● Task statement
Your answer must be the records below repeated word for word, with no pictures in it.

● Extracted information
[Start of section]

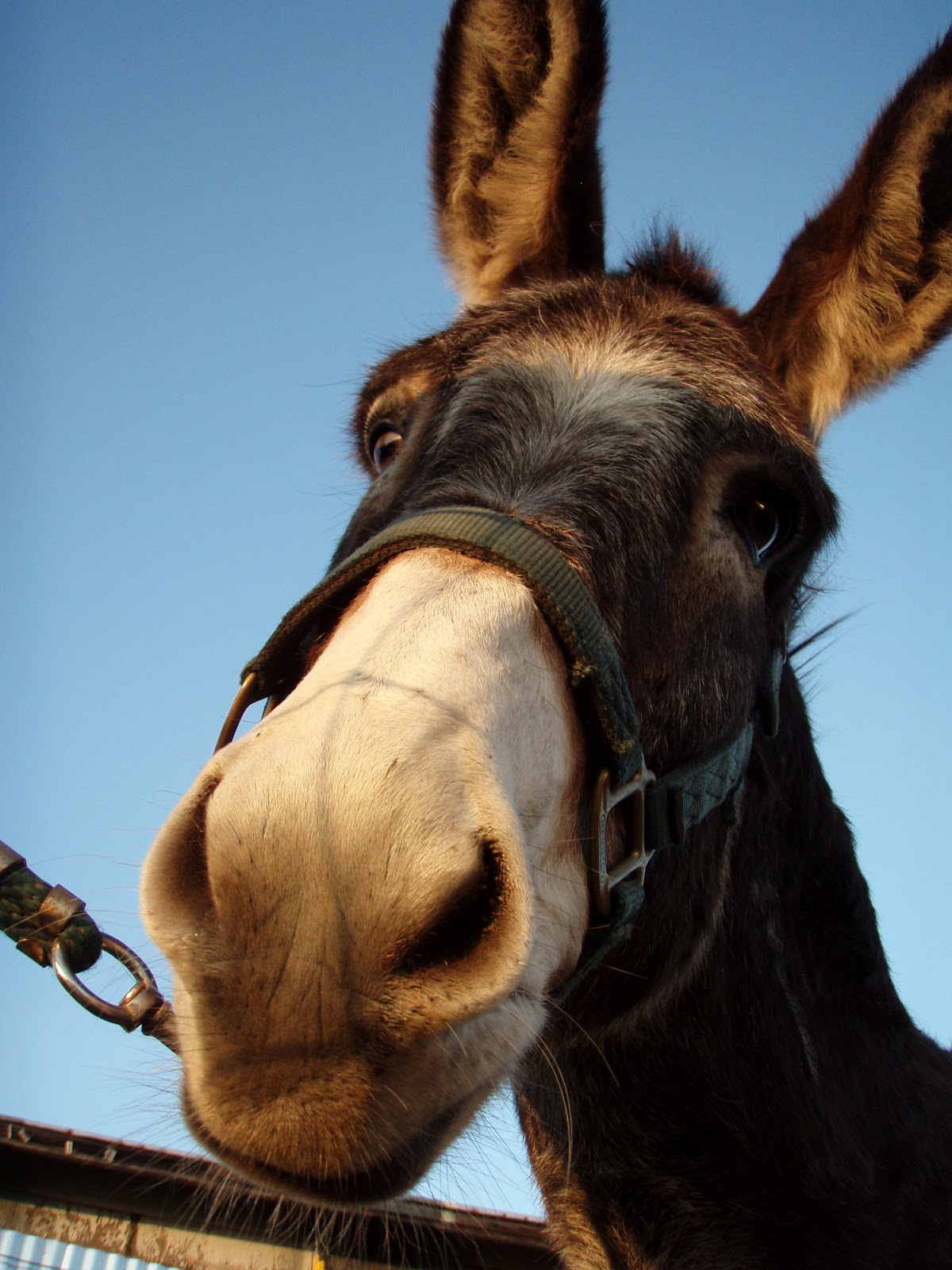 Daisy the Donkey Donkey Grooming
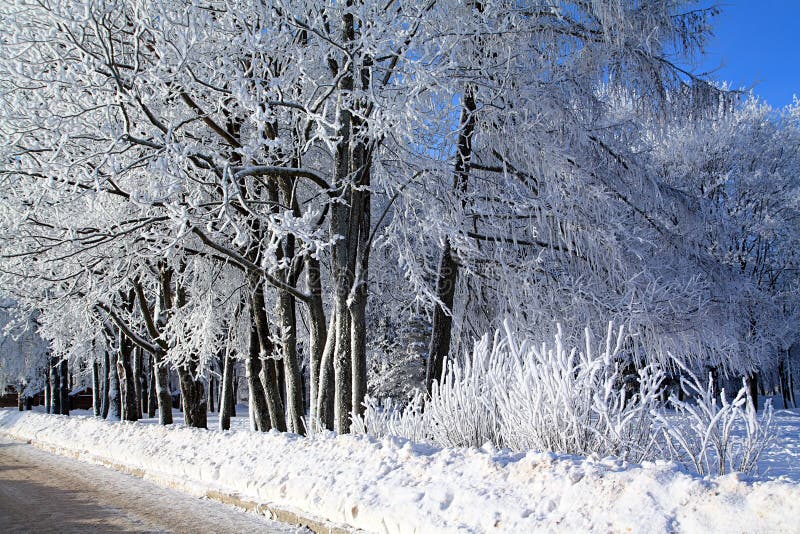 Tree in snow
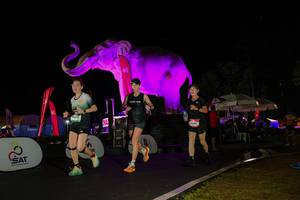 BIB: 
                            <button type="button" onclick="openModal(26543985)" class="btn btn-primary btn-sm float-right btn-popup" data-toggle="modal" data-target=".modal-high-quality">
                        <i class="fas fa-shopping-cart"></i> Add to Cart
                    </button>
                                            <button type="button" onclick="isThisMe(26543985, true)" class="btn btn-success btn-sm float-right btn-popup btn-isme hidden" data-toggle="tooltip" data-placement="bottom" title="นี่คือรูปของคุณใช่ไหม คลิกที่นี่เพื่อเอาเข้าอัลบั้ม">
                        <i class="fas fa-plus"></i> Add to album
                    </button>
                    <button type="button" onclick="isThisMe(26543985, false)" class="btn btn-warning btn-sm float-right btn-popup btn-isnotme hidden">
                        <i class="fas fa-ban"></i> Remove from album
                    </button>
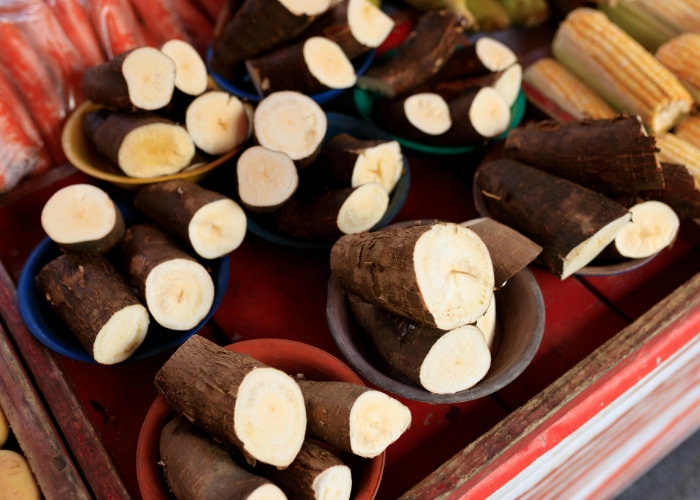 Tempo de cozimento da mandioca congelada na pressão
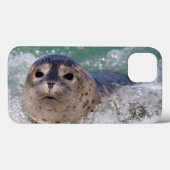 Een surfen op een baby-zeehond Case-Mate iPhone case (Achterkant (horizontaal))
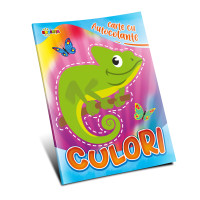 Carte cu autocolante. Culori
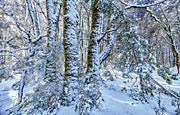 Winter, Vale of Belvoir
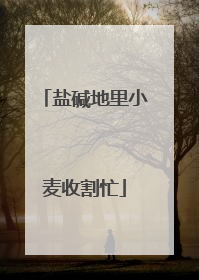 盐碱地里小麦收割忙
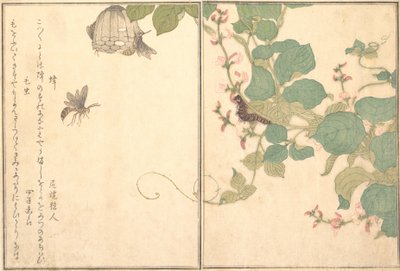 Paper Wasp Hachi, Hairy Caterpillar Kemushi..., 1788. av Kitagawa Utamaro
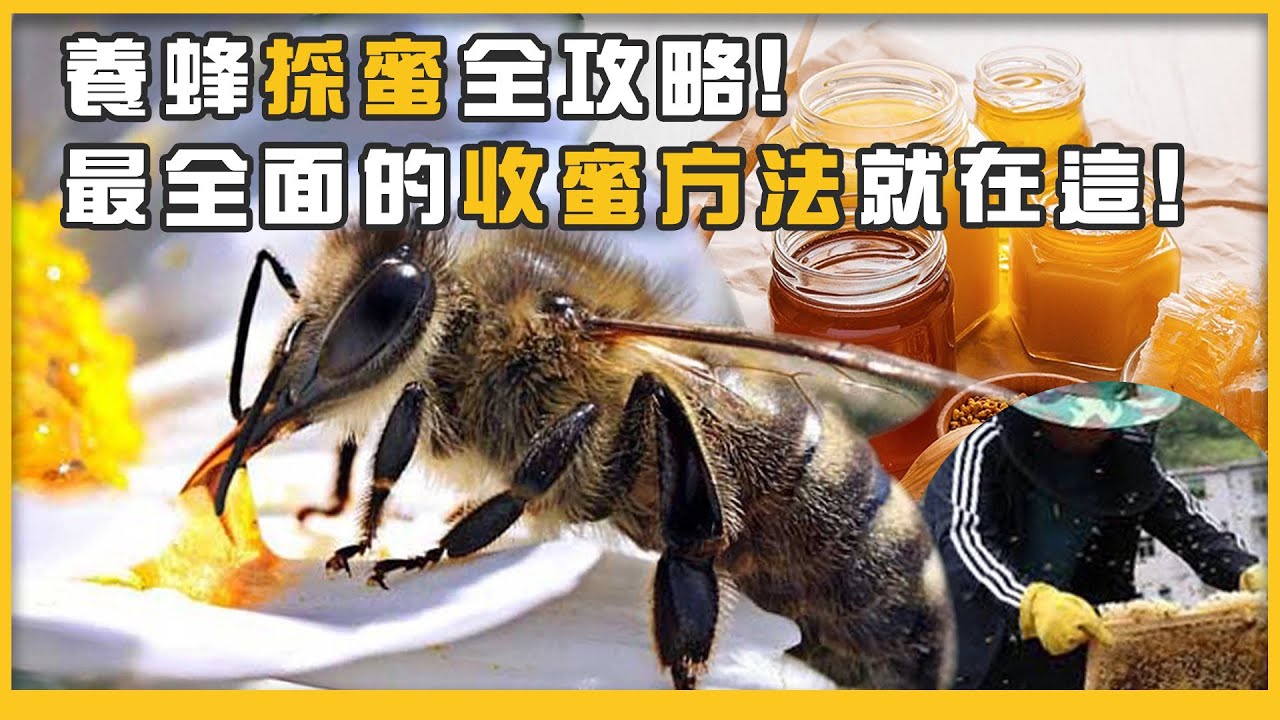 蜂蜜原來這樣來?！最全面的收蜜方法就在這！｜蜜蜂 養蜂教學 養蜂 昆蟲 真社會性昆蟲 bee
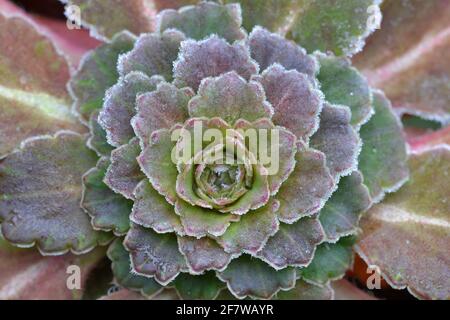 Saxifraga umbrosa, mit Frost besäumt, November Stockfoto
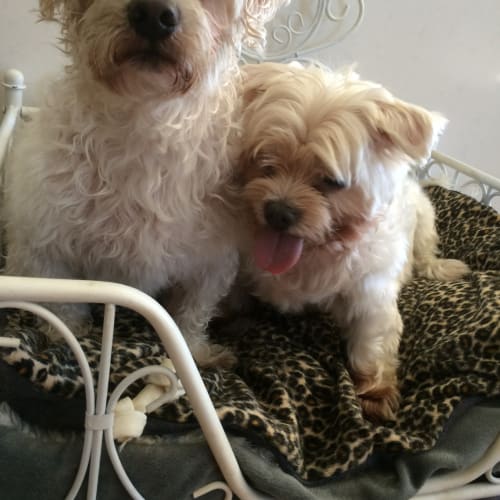 Bosco on trial in his new home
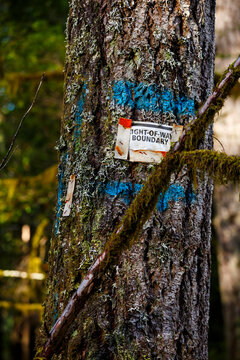 A pine tree with a painted blue square and a notice saying Right Of Way Boundary on the trunk.
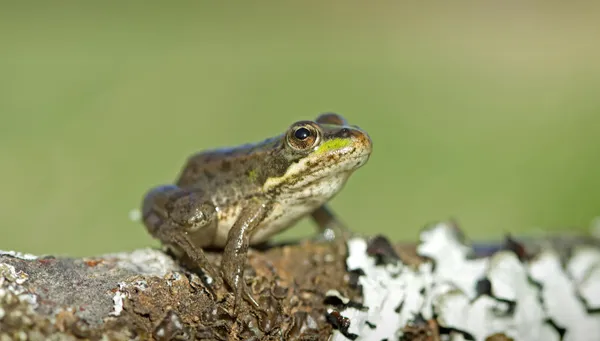 Perez's Frog (Pelophylax perezi) — Stock Photo, Image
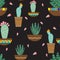 Cactus flowers in ceramic pots with ornaments. Bright cacti, aloe leaves, exotic cacti plants juicy summer desert tropical flora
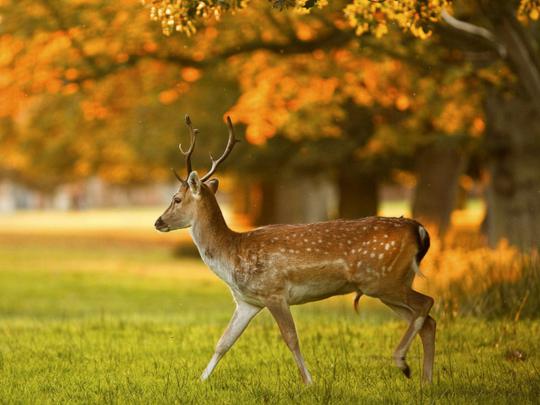 Best 29+ Deer HD Background 1080P on HipWallpaper | Reindeer Wallpaper 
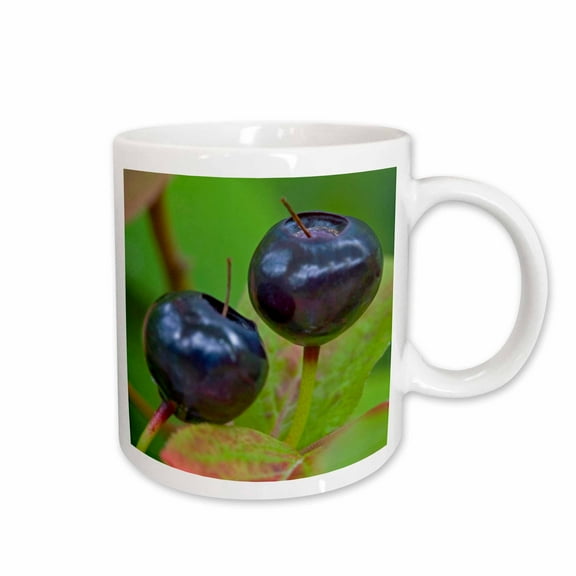 3drose, Huckleberry Fruit, Flathead National Forest, Montana - Us27 Cha1441 - Chuck Haney, 11oz Mug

[End of section]

● Written solution
 Daisy the Donkey Donkey Grooming
 Tree in snow
 BIB: 
                            <button type="button" onclick="openModal(26543985)" class="btn btn-primary btn-sm float-right btn-popup" data-toggle="modal" data-target=".modal-high-quality">
                        <i class="fas fa-shopping-cart"></i> Add to Cart
                    </button>
                                            <button type="button" onclick="isThisMe(26543985, true)" class="btn btn-success btn-sm float-right btn-popup btn-isme hidden" data-toggle="tooltip" data-placement="bottom" title="นี่คือรูปของคุณใช่ไหม คลิกที่นี่เพื่อเอาเข้าอัลบั้ม">
                        <i class="fas fa-plus"></i> Add to album
                    </button>
                    <button type="button" onclick="isThisMe(26543985, false)" class="btn btn-warning btn-sm float-right btn-popup btn-isnotme hidden">
                        <i class="fas fa-ban"></i> Remove from album
                    </button>
 Tempo de cozimento da mandioca congelada na pressão
 Een surfen op een baby-zeehond Case-Mate iPhone case (Achterkant (horizontaal))
 Carte cu autocolante. Culori
 Winter, Vale of Belvoir
 盐碱地里小麦收割忙
 Paper Wasp Hachi, Hairy Caterpillar Kemushi..., 1788. av Kitagawa Utamaro
 蜂蜜原來這樣來?！最全面的收蜜方法就在這！｜蜜蜂 養蜂教學 養蜂 昆蟲 真社會性昆蟲 bee
 Saxifraga umbrosa, mit Frost besäumt, November Stockfoto
 Bosco on trial in his new home
 A pine tree with a painted blue square and a notice saying Right Of Way Boundary on the trunk.
 Perez's Frog (Pelophylax perezi) — Stock Photo, Image
 Cactus flowers in ceramic pots with ornaments. Bright cacti, aloe leaves, exotic cacti plants juicy summer desert tropical flora
 Best 29+ Deer HD Background 1080P on HipWallpaper | Reindeer Wallpaper 
 3drose, Huckleberry Fruit, Flathead National Forest, Montana - Us27 Cha1441 - Chuck Haney, 11oz Mug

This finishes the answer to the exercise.